Energy Secretary Federico Pena said Thursday he’s not sure it will make sense ultimately, but it’s worth spending tens of millions of dollars to keep alive the option of producing tritium at Hanford’s Fast Flux Test Facility.

Pena also defended administration proposals to spend $1 billion to contract out to private companies responsibility for cleaning up nuclear waste at the Hanford Nuclear Reservation in Washington state and other DOE sites.

Testifying before the House National Security subcommittee on military procurement, he assured Rep. Adam Smith, D-Wash., that the cleanup budget would not be tapped to finance restart of the FFTF.

“That is my understanding, that we are not going to take money out of cleanup to fund FFTF,” Pena said.

The new energy secretary, who succeeded Hazel O’Leary earlier this year, said the administration is pursuing a “dual track approach” to tritium production for nuclear weapons, considering either a commercial accelerator or a nuclear reactor.

A decision is to be made by the end of 1998.

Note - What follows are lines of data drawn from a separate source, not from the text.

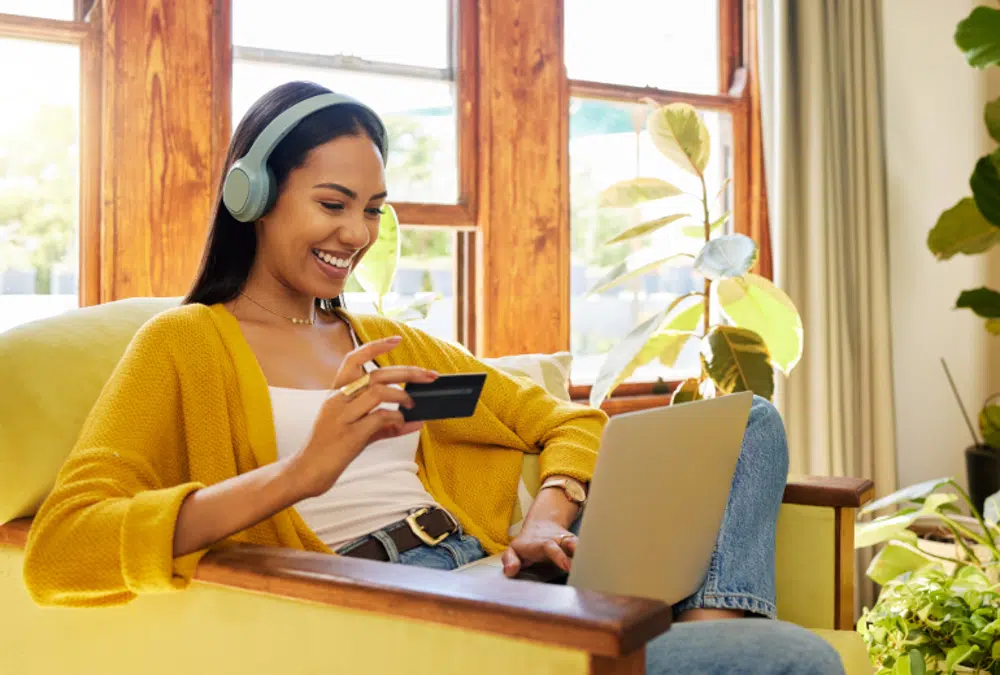 Image of a woman sitting on a couch with her laptop and credit card in hand, visiting a secondhand shopping platform.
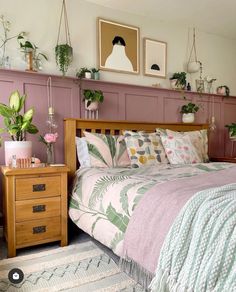 a bed sitting in a bedroom next to a wooden dresser and potted plants on top of it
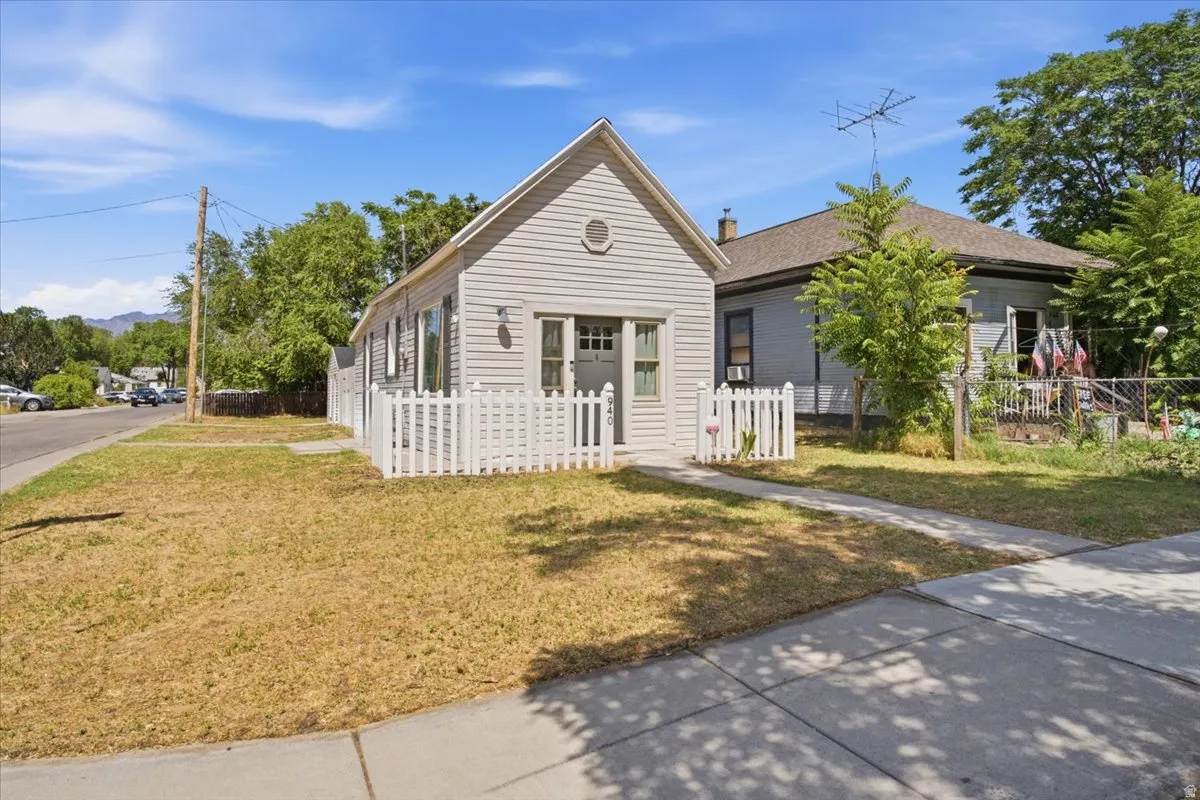 Very inviting front with a picket fence entry and gable roofline.
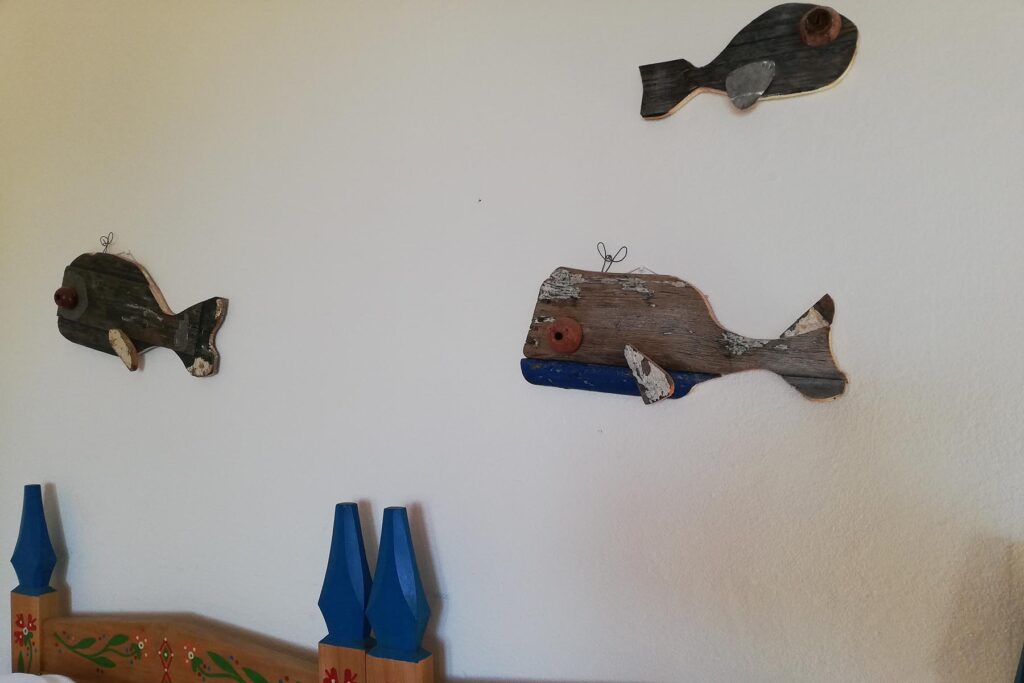 Kunstvolle Holzfische an einre Schlafzimmerwand, Ferienhaus Rubino, Torre delle Stelle - meer sardinien urlaub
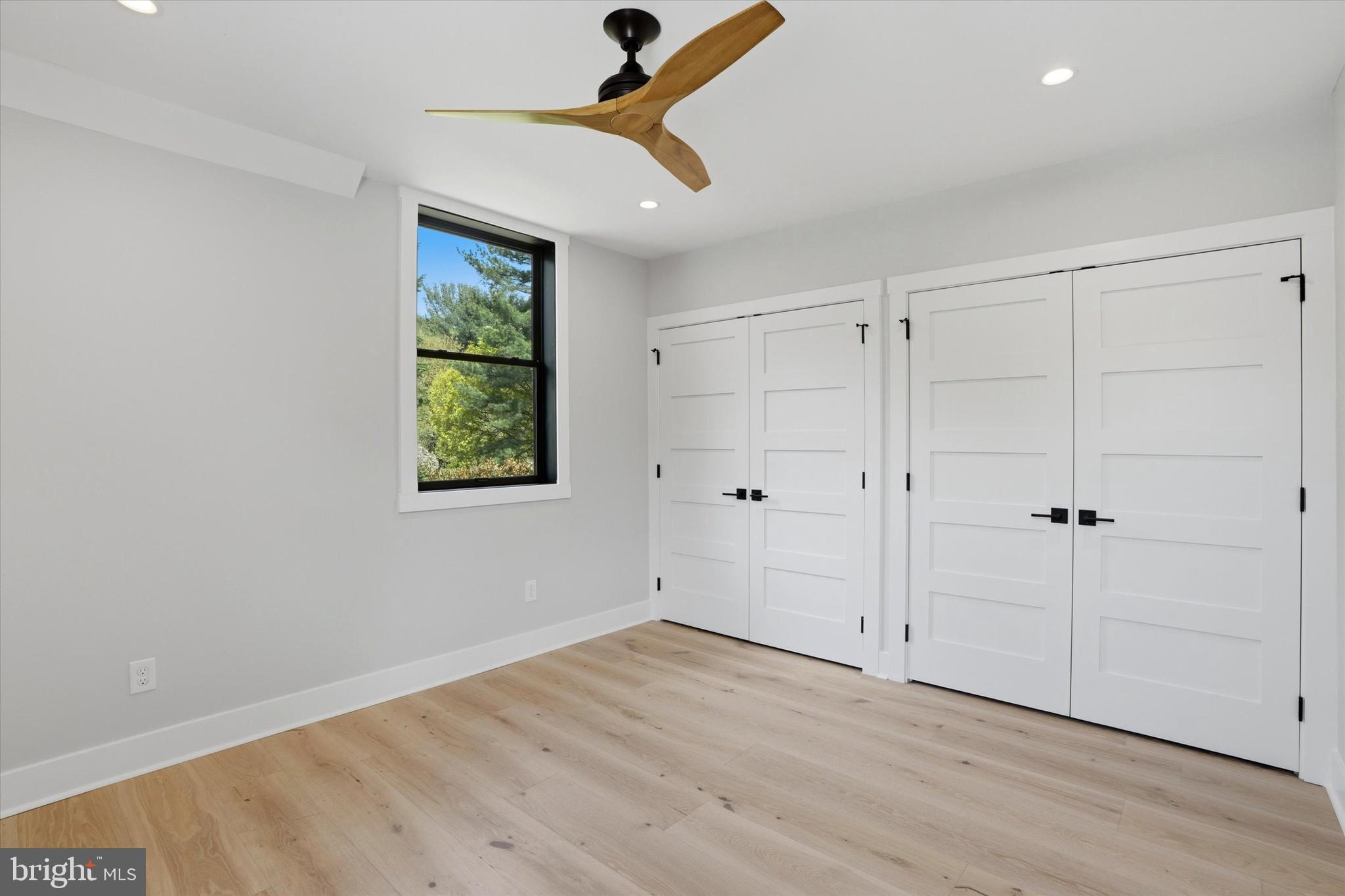 292 Church Road Devon, PA 19333 - Photo 26 of 49 wooden floor in an empty room with a window
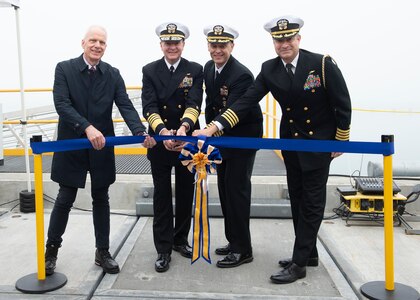 NAVAL BASE KITSAP – BANGOR, Wash. (Oct. 19, 2022) Mr. Peter Fleck, Submarine Development Group 5 facility operations manager, left, Adm. Stuart Munsch, commander, U.S. Naval Forces Europe-Africa, Capt. Gary Montalvo, commodore, Submarine Development Group 5, and Capt. Kevin Pickard, chief of staff, Navy Region Northwest, cut a ribbon during a ceremony for a newly-completed service pier located on Naval Base Kitsap – Bangor, October 19, 2022. The ceremony marked the completion of a major infrastructure project that will support the arrival of fast attack submarines, including the planned change of homeport for the Seawolf-class fast-attack submarines USS Seawolf (SSN 21) and USS Connecticut (SSN 22) from Naval Station Kitsap-Bremerton to Naval Base Kitsap-Bangor. (U.S. Navy photo by Mass Communication Specialist 1st Class Brian G. Reynolds)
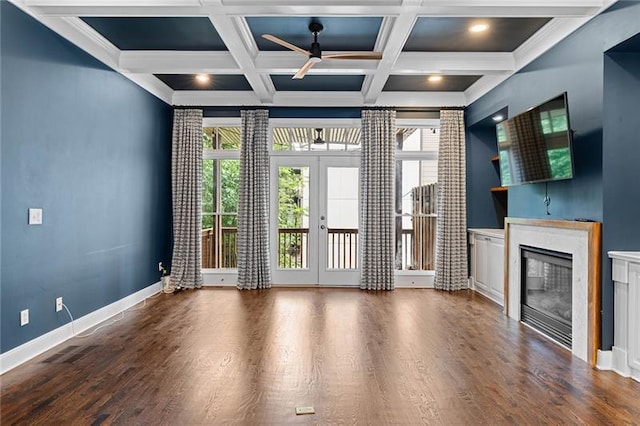 unfurnished living room featuring beamed ceiling, plenty of natural light, coffered ceiling, and french doors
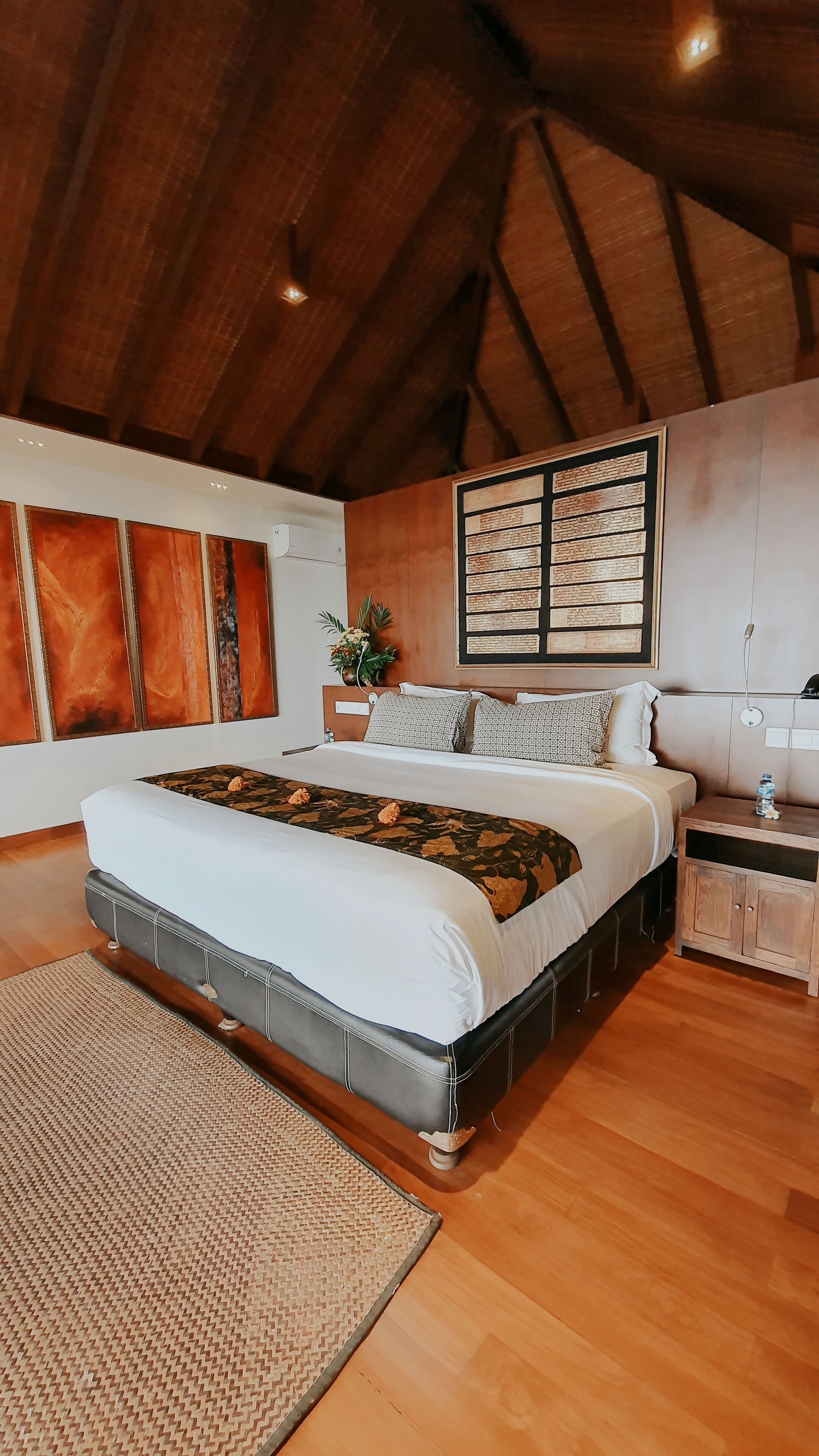 A spacious bedroom with a large bed, wooden ceiling beams, and a wall-mounted artwork.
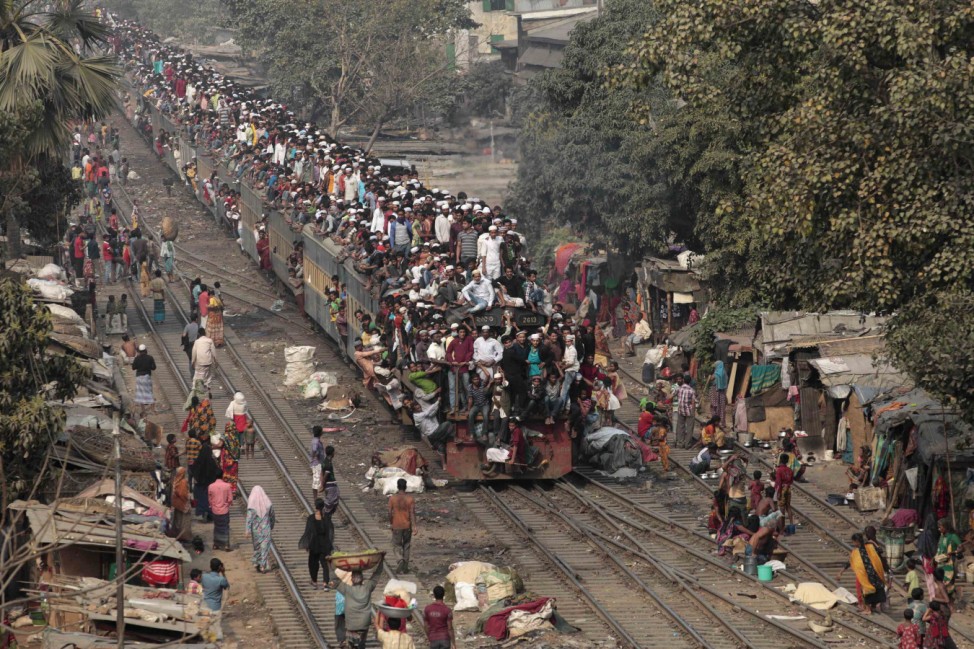 Commuters ride on the roof of a train as they come back to the city after attending the final prayer of Biswa Ijtema in Dhaka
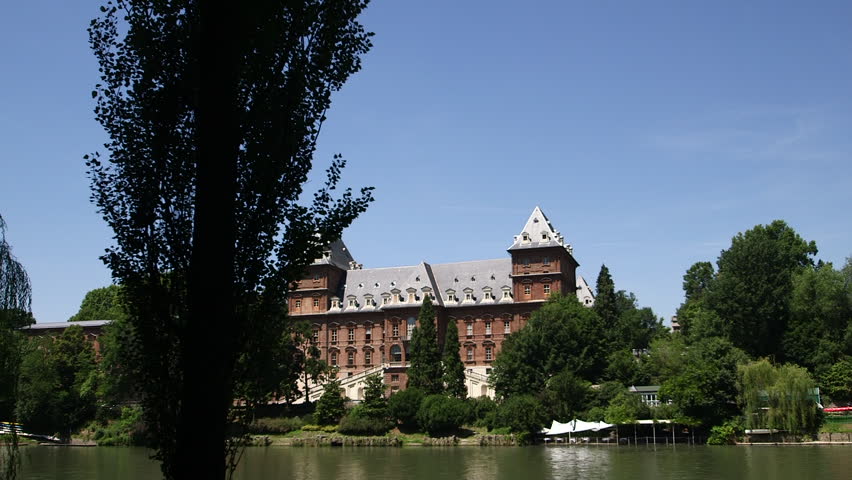 Cinematic slider shot revealing Valentino Castle through trees in Valentino Park, Turin, Italy. Historic riverside landmark surrounded by lush summer greenery.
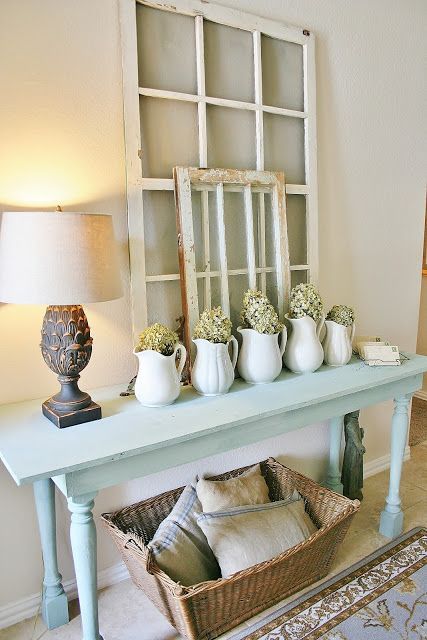 Accents like White Pitchers and Rustic Window Frames Farmhouse Entryway via farmhouseporch.blogspot.com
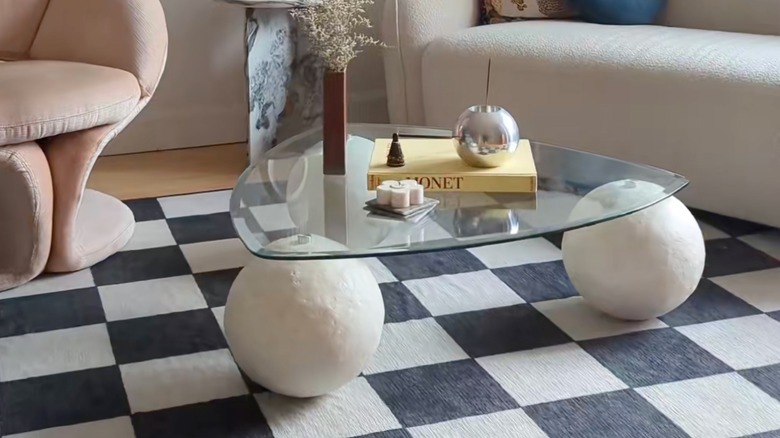 Decor on a glass-topped coffee table made from IKEA metal serving bowls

“As part of that dual track process, the department has opted to keep the FFTF in standby - to not allow it to be a third option, but to be potentially a supplement to the dual track,” Pena said.

Pena said the administration would be preparing a supplemental request for money to keep FFTF in standby condition. Estimates of that cost have ranged from $60 million to $90 million.

The DOE’s Savannah River reactor in South Carolina has been the favored producer of tritium and lawmakers there have expressed concern about the possibility of spreading some of the work to the Hanford reactor.

“One of the things we’ve done well for 40 years is tritium,” Rep. Lindsey Graham, R-S.C., told Pena Thursday.

“Do you believe the FFTF is a reasonable expenditure of $80 million or $90 million? Do you think that is a wise insurance policy to be pursuing?” he asked the secretary.

“Congressman, we don’t know yet,” Pena said.

“That is the basis of the analyses we are doing now. I think the decision by Secretary O’Leary to at least keep it as part of the overall strategy is the correct approach to take to at least allow us to evaluate it and then make a decision as to whether that option makes sense or not,” Pena said.

Graham responded, “I appreciate your dual track. I don’t want it to be an eight-lane highway. I’m a little concerned we are getting off track.”

Rep. Duncan Hunter, R-Calif., chairman of the subcommittee, said he is among lawmakers skeptical of the proposal to spend $1 billion on the privatization effort - up from $300 million in the current budget year.

“I need to be convinced this is a path we need to move down at this time,” Hunter said.

“You’ve got a lot of money in the bill and a lot of us are anxious to get at it,” he said.

Smith, a freshman member of the panel, also raised questions about the effort.

One of the biggest pieces of the privatization plan is a proposed $427 million for treatment of high-level waste at Hanford.

“It’s a lot of money to invest to find out if somewhere down the line it is going to work out,” Smith said.

“I think there is a sneaking suspicion that if it doesn’t work out and doesn’t save money, somehow, some way the taxpayer is going to end up making the private company whole,” he said.

Pena said private companies would be accountable and that they have indicated a willingness to participate as long as the incentives are high enough to warrant the risk.

He acknowledged he too had questions about the program, but is confident the incentive-based contracts will pay off in the long run.

As former transportation secretary, he said he utilized a unique set of incentives in paying contractors to clear highways damaged by California earthquakes in recent years.

“Nobody thought it could be done. Contractors worked 22 hours a day nonstop and got those highways open,” Pena said.

“Over the 10 or 25 years of this contract, can we assure the taxpayer dollars will actually be wisely used and show savings compared to the old way of doing business? Our preliminary judgment is yes.”